Tout le monde fut emballé. Surtout moi qui aimait monter les chevaux et qui rêvais de faire de l'équitation. Cela, mes parents le savaient et aimaient nous faire plaisir.
Nous avons fait cet été, plusieurs promenades à cheval. J'ai aimé caracoler sur le dos d'une belle jument Tornade, suivie de son poulain Cyclone qui ne la lâchait jamais. J'ai trouvé ça un peu haut au début et un peu bougeant mais on se laisse vite bercer et la promenade devient agréable.
J'ai de bons souvenirs de ces séances mais une en particulier a été franchement hilarante !
Ce jour-là, nous avons tous rencontré des petits soucis techniques et je pense que le dresseur ne nous oubliera pas.
D'abord, mon cousin, âgé de neuf ans alors, avait pour habitude de monter Apache, un beau poney caramel et imposant. Ce jour-là, il oublia de mettre son pied dans l'étrier. On le vit donc, pendant sa chevauchée se coucher sur le cheval et pencher dangereusement sur le côté. Fort heureusement, le dresseur à côté de lui le rétablit vite fait et mon cousin put terminer sa promenade.
Mon parrain, lui, un peu craintif accepta, poussé par sa femme, de monter sur Tornade, la belle jument couleur chocolat. Durant le parcours, pris sans doute d'une fringale, l'animal se fourra dans les buissons en oubliant son cavalier. Résultat, mon parrain resta quelques secondes en maugréant, coincé dans les fourrés. On n'était pas près de le revoir monter !

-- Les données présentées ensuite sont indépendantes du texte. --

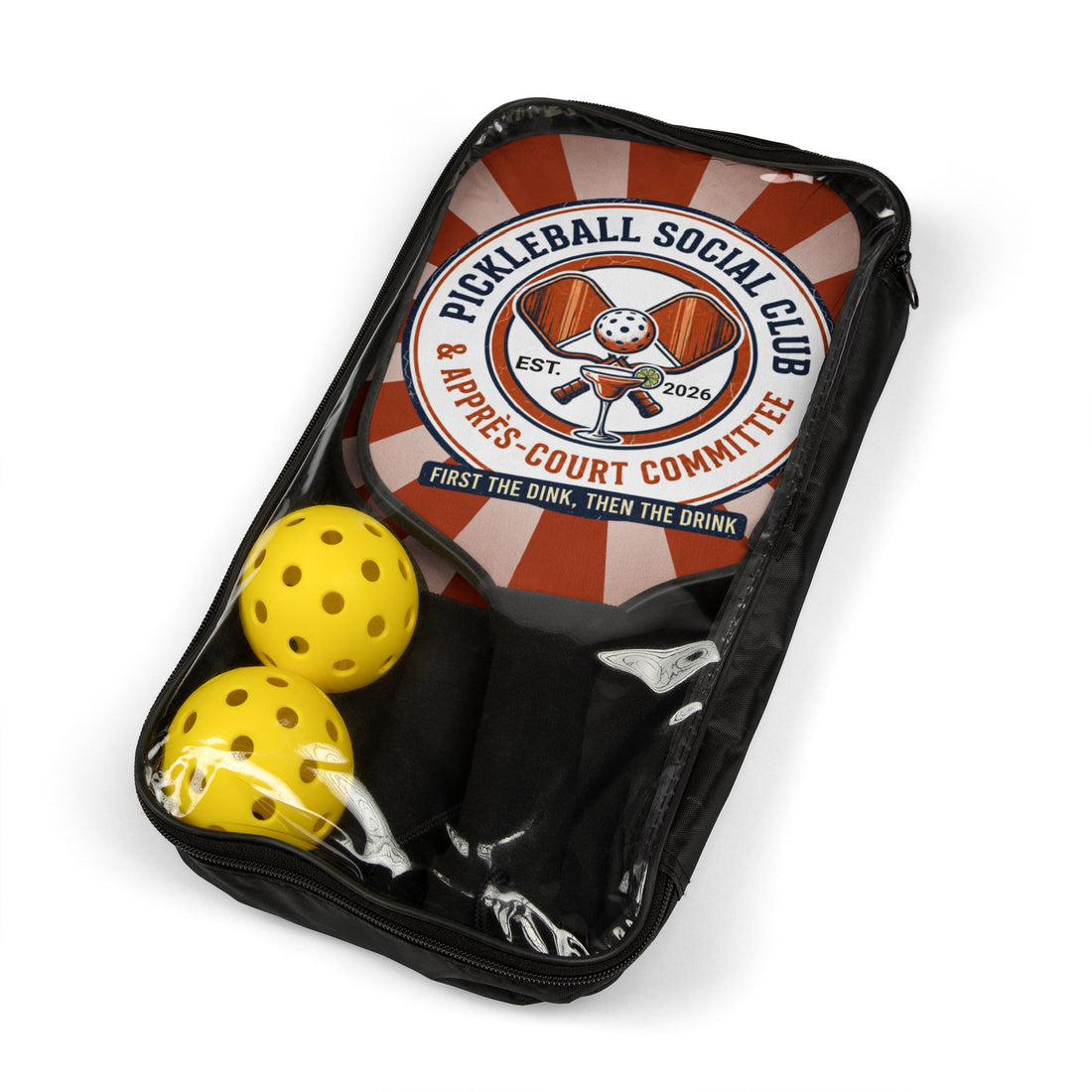 Pickleball Social Club Paddle Set with Balls & Carrying Case| Pickleball Social Club – Custom Year | Personalized Club Name + Custom Year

Le plus marrant fut quand même ma soeur, âgée aussi de neuf ans et son impétuosité naturelle. Elle montait Nénes, un poney paresseux. Pour le faire avancer plus vite, ce jour-là, le dresseur donna à l'enfant une petite badine et lui conseilla de taper gentiment sur l'animal pour le stimuler. Elle ne se le fit pas dire deux fois mais elle fouetta le poney un peu fort. Celui-ci s'emballa, mécontent d'un tel traitement et se mit à galoper en zigzag. Le dresseur, d'abord surpris par cet élan d'énergie soudain et inhabituel de la part du poney, les suivit en courant et manqua tomber plusieurs fois à chaque changement de direction, à cause de ses tongs qui glissaient sur le sable. La poursuite fut plutôt comique. D'un côté ma sœur, qui s'éclatait comme une folle et continuait à manier la badine sur le dos de la pauvre bête et de l'autre, le malheureux lad qui dérapait lamentablement à tous les virages ! Il fallait le voir pour le croire. À raconter, ce n'est rien !
Quand au bout d'une course effrénée, le dresseur réussit à les rattraper on ne sait comment, il revint en tenant fermement les rênes du poney. La fillette était toute excitée. Pour elle, ça avait été un bon moment de sensations fortes ! Le lad, lui, ne devait pas être de cet avis. Il était essoufflé et en sueur et boitait légèrement. Visiblement, son commerce devenait un métier dangereux !
Ces quelques inconvénients du direct si l'on peut dire, nous font encore bien rire aujourd'hui et autant que je m'en souvienne, je n'ai jamais revu mon parrain sur un cheval. Se manger les buissons a dû lui rester en travers de l'estomac !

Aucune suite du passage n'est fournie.